**Task requirements**
Look through the records below for the line holding "Medium property photo". Write it out exactly, with each following line through the line holding "Apk size1.47 +".
Input records: Begin
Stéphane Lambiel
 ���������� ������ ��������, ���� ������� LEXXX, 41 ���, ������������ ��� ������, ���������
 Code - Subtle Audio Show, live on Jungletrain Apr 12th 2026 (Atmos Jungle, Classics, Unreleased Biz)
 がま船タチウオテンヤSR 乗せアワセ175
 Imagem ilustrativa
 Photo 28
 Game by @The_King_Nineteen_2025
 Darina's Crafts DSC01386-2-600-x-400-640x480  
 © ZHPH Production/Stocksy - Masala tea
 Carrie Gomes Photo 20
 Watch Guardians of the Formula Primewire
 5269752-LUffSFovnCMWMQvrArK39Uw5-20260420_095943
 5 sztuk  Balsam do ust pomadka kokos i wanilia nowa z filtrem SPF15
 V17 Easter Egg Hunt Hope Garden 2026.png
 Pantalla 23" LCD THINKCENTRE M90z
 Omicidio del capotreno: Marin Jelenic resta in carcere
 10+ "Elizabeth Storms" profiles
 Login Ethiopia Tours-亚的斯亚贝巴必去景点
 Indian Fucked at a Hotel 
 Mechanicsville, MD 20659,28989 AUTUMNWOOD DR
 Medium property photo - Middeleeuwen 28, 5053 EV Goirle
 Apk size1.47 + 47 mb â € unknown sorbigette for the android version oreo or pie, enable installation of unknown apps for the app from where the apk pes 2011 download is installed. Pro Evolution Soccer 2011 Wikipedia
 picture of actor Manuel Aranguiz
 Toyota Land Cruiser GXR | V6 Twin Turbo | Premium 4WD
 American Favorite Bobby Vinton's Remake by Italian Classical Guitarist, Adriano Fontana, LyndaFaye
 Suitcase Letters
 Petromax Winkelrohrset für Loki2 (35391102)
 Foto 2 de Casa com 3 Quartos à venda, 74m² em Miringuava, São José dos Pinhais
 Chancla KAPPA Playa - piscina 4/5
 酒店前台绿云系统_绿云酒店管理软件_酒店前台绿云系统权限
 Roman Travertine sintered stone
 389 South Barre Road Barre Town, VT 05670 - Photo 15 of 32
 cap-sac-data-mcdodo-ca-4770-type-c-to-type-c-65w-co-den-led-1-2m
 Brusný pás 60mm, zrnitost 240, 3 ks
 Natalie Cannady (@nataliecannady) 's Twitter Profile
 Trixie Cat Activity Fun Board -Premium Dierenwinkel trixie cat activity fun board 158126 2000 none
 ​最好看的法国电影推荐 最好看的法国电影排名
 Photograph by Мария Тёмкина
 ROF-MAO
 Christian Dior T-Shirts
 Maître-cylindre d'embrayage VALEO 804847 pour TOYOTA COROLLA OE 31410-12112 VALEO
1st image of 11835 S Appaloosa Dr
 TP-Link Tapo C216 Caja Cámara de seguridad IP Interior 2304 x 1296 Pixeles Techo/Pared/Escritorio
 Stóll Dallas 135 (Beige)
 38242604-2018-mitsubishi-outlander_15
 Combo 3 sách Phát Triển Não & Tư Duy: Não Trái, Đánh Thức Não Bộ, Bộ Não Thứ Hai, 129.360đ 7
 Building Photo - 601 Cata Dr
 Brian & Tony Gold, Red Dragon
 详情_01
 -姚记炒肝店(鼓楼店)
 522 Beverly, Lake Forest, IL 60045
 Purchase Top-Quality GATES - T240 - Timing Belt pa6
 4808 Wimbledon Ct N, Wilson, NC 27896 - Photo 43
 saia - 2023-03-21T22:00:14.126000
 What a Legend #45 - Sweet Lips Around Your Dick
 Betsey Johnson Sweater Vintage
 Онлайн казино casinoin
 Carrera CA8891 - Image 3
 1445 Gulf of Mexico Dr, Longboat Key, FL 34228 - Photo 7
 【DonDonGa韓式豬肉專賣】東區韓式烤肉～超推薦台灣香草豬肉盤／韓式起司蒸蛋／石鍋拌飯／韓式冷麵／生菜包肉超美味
Input records: End
**Task solution**
 Medium property photo - Middeleeuwen 28, 5053 EV Goirle
 Apk size1.47 + 47 mb â € unknown sorbigette for the android version oreo or pie, enable installation of unknown apps for the app from where the apk pes 2011 download is installed. Pro Evolution Soccer 2011 Wikipedia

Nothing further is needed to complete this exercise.